_Description of the task_: Can you write out every line from the start of the records below through the line containing "Fototapeta premium View", leaving out any pictures?

(Saved entries)
*** Begin section ***

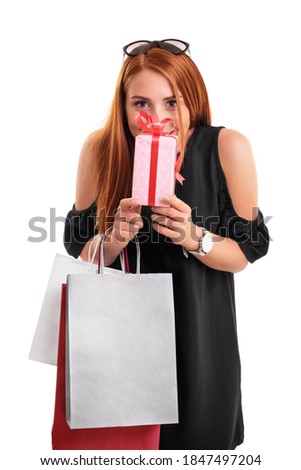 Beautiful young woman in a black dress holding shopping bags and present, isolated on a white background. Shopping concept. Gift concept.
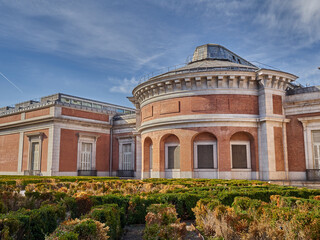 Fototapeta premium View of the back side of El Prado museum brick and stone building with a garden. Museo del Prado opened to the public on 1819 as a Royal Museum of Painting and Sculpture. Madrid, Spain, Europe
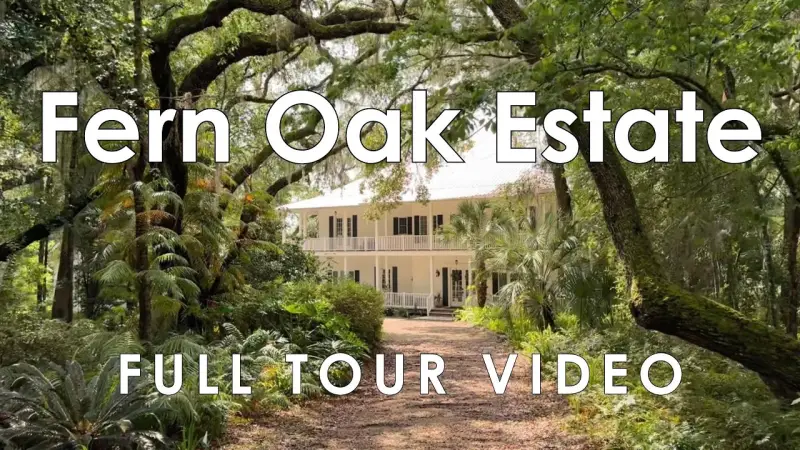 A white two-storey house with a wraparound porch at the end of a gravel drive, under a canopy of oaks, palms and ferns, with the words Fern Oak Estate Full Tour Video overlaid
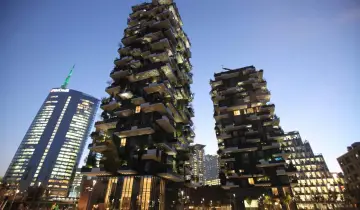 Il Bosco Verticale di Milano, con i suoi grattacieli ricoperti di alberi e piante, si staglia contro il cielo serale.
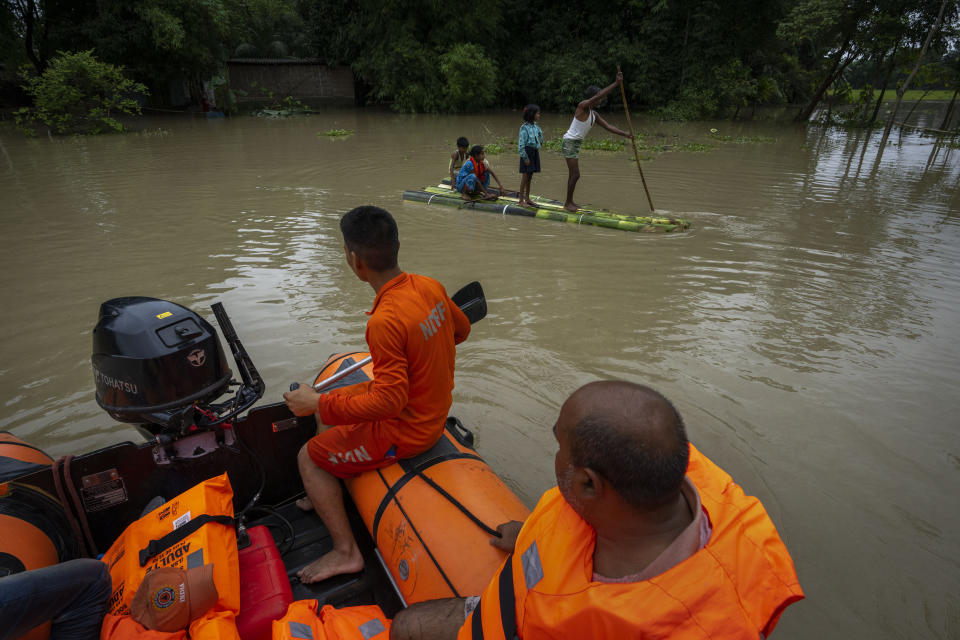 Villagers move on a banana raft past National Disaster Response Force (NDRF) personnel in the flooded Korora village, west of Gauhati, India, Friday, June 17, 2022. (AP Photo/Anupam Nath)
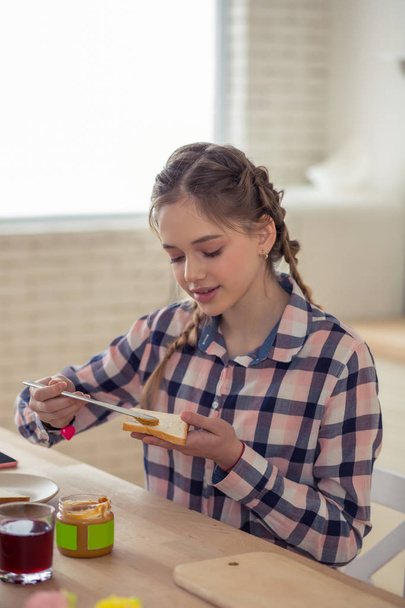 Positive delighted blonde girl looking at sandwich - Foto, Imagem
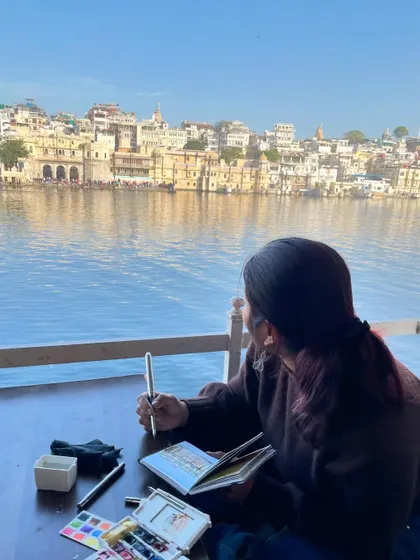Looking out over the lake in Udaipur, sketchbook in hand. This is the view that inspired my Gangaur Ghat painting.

*** End section ***

_Task answer_:
 Beautiful young woman in a black dress holding shopping bags and present, isolated on a white background. Shopping concept. Gift concept.
 Fototapeta premium View of the back side of El Prado museum brick and stone building with a garden. Museo del Prado opened to the public on 1819 as a Royal Museum of Painting and Sculpture. Madrid, Spain, Europe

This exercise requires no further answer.